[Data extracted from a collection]
╭──

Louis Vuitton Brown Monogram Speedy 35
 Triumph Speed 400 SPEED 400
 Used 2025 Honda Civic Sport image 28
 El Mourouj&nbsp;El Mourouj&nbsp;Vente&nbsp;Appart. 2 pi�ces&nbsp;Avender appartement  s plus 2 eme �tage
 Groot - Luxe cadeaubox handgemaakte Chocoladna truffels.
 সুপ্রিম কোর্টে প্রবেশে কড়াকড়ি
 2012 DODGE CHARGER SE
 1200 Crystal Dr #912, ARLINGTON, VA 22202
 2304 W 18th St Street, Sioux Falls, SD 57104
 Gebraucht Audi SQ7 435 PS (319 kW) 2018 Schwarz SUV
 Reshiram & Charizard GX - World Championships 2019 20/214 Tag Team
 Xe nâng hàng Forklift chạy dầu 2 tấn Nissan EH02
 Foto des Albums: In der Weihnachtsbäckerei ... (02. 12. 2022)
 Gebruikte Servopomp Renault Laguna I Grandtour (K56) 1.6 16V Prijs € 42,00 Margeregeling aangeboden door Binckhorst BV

╰──

- [Work to be completed] Retype all of the entries. Keep each one exactly as written.

- [Response for this exercise]
Louis Vuitton Brown Monogram Speedy 35
 Triumph Speed 400 SPEED 400
 Used 2025 Honda Civic Sport image 28
 El Mourouj&nbsp;El Mourouj&nbsp;Vente&nbsp;Appart. 2 pi�ces&nbsp;Avender appartement  s plus 2 eme �tage
 Groot - Luxe cadeaubox handgemaakte Chocoladna truffels.
 সুপ্রিম কোর্টে প্রবেশে কড়াকড়ি
 2012 DODGE CHARGER SE
 1200 Crystal Dr #912, ARLINGTON, VA 22202
 2304 W 18th St Street, Sioux Falls, SD 57104
 Gebraucht Audi SQ7 435 PS (319 kW) 2018 Schwarz SUV
 Reshiram & Charizard GX - World Championships 2019 20/214 Tag Team
 Xe nâng hàng Forklift chạy dầu 2 tấn Nissan EH02
 Foto des Albums: In der Weihnachtsbäckerei ... (02. 12. 2022)
 Gebruikte Servopomp Renault Laguna I Grandtour (K56) 1.6 16V Prijs € 42,00 Margeregeling aangeboden door Binckhorst BV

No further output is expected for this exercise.